Surplus Neraca Perdagangan Indonesia kembali menunjukkan performa solid sepanjang Januari hingga September 2025. Selama sembilan bulan pertama tahun ini, Indonesia mencatat surplus perdagangan barang sebesar US$33,48 miliar, meningkat sekitar US$11,30 miliar dibanding periode yang sama tahun lalu. Catatan positif ini membuat surplus berlangsung selama 65 bulan tanpa jeda sejak Mei 2020, menandai daya tahan sektor perdagangan nasional di tengah dinamika ekonomi global.
Angka tersebut ditopang performa kuat sektor nonmigas yang mencatat surplus US$47,20 miliar, sementara komoditas migas masih mencatat defisit US$13,71 miliar. Kondisi ini kembali mempertegas betapa besar peran ekspor nonmigas dalam menopang Surplus Neraca Perdagangan Indonesia.
Deputi Bidang Statistik Distribusi dan Jasa BPS, Pudji Ismartini, menyampaikan ekspor Indonesia dalam periode tersebut tumbuh 8,14 persen dibanding tahun sebelumnya, didorong lonjakan signifikan pada industri pengolahan yang menyumbang US$167,85 miliar, atau naik 17,02 persen. “Kinerja sektor pengolahan memperlihatkan kekuatan struktur industri nasional dan potensi ekspor bernilai tambah,” ujar Pudji dalam pemaparannya di Jakarta, Senin (3/11/2025).

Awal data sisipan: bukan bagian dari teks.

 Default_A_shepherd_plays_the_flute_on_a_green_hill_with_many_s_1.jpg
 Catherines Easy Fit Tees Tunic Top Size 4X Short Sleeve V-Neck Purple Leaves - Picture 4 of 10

Tiongkok, Amerika Serikat, dan India tercatat sebagai mitra dagang utama dengan kontribusi kolektif 41,81 persen dari total ekspor nonmigas. Besi dan baja, produk nikel, serta bahan bakar mineral menjadi komoditas andalan untuk pasar Tiongkok, sementara pasar Amerika Serikat banyak menyerap produk tekstil, alas kaki, serta perlengkapan elektrik.

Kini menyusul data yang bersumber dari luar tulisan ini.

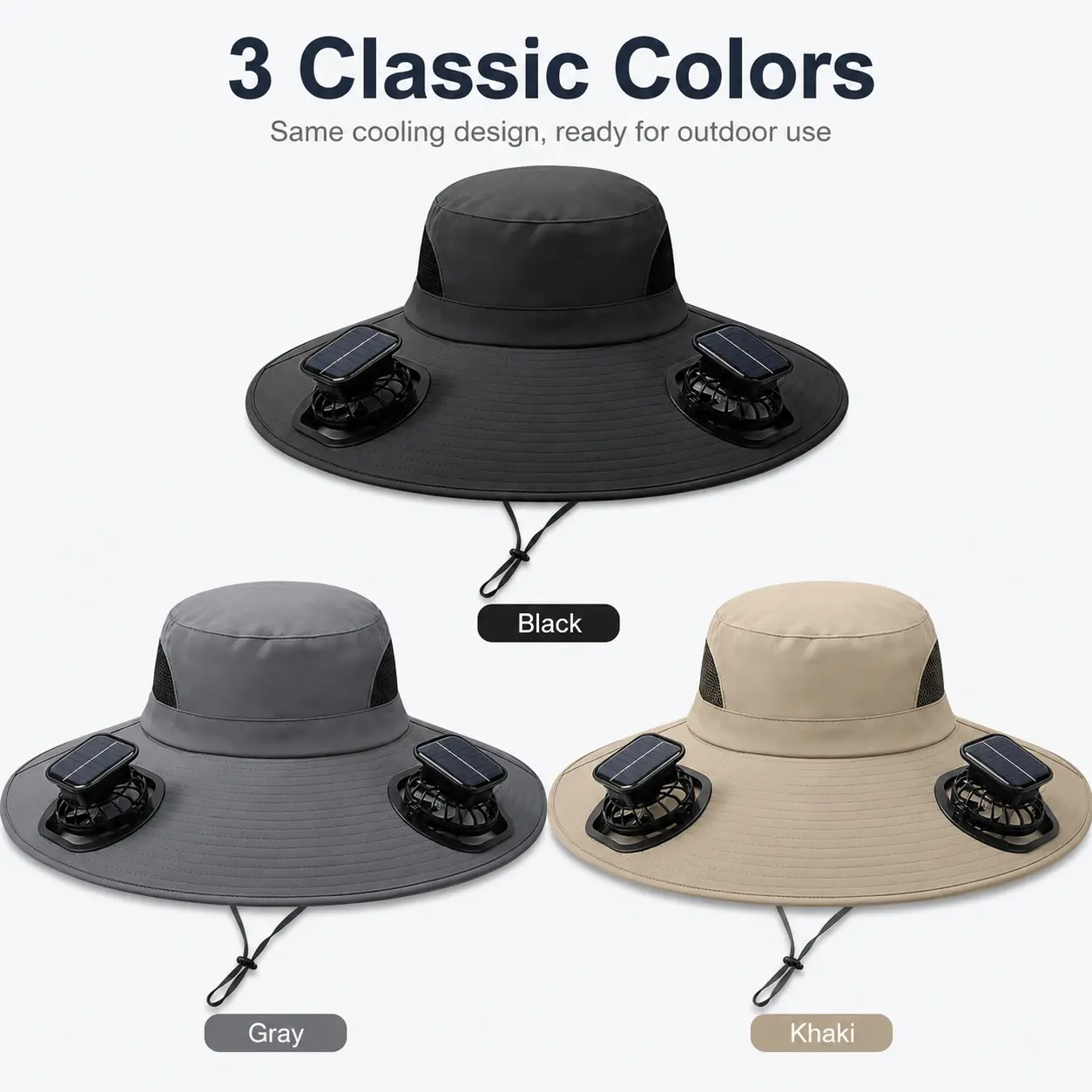 Adults' USB-Rechargeable Solar Cooling Hat - Modest Breathable Mesh Outdoor Adjustable Cap with Detachable Fan, Drawstring, Ideal for Fishing, Summer Sports Activities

Impor Tumbuh Moderat, Dorong Kegiatan Produksi
Pada sisi impor, Indonesia membukukan peningkatan sebesar 2,62 persen menjadi US$176,32 miliar. Kenaikan tertinggi terjadi pada barang modal yang tumbuh 19,13 persen menjadi US$35,90 miliar, menandakan optimisme pelaku usaha dalam memperluas kapasitas produksi. Impor nonmigas mendominasi dengan nilai US$152,58 miliar, sedangkan impor migas justru turun lebih dari 11 persen.
Tiongkok juga menjadi pemasok impor terbesar bagi Indonesia dengan nilai US$62,07 miliar, diikuti Jepang dan Amerika Serikat. Mesin, peralatan elektrik, dan komponen kendaraan menjadi barang impor utama dari negara tersebut.
Menurut BPS, Surplus Neraca Perdagangan Indonesia terutama ditopang oleh lima komoditas unggulan: minyak sawit dan turunannya, bahan bakar mineral, besi dan baja, produk nikel, serta logam mulia.
Inflasi Oktober Terkendali
Di sisi harga konsumen, BPS mencatat inflasi bulanan 0,28 persen pada Oktober 2025, dengan inflasi tahunan berada di level 2,86 persen, masih dalam zona stabil. Emas perhiasan menjadi penyumbang inflasi terbesar dengan andil 0,21 persen, sementara sejumlah komoditas pangan seperti bawang merah, cabai rawit, dan tomat justru menahan laju inflasi dengan kontribusi deflasi.
Dengan tren ekspor yang terus menguat dan inflasi yang relatif stabil, pemerintah optimistis kinerja perdagangan dan daya beli domestik tetap terjaga. Keberlanjutan Surplus Neraca Perdagangan Indonesia pun dipandang menjadi fondasi penting untuk menjaga momentum pemulihan ekonomi nasional pada tahun mendatang.